### [Task]
Return the data that follows exactly, with each line intact.

### [Raw data]
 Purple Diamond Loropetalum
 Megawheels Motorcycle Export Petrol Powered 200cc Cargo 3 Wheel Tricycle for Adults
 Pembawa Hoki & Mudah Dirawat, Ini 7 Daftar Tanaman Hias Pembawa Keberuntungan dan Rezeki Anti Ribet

### [Final answer]
 Purple Diamond Loropetalum
 Megawheels Motorcycle Export Petrol Powered 200cc Cargo 3 Wheel Tricycle for Adults
 Pembawa Hoki & Mudah Dirawat, Ini 7 Daftar Tanaman Hias Pembawa Keberuntungan dan Rezeki Anti Ribet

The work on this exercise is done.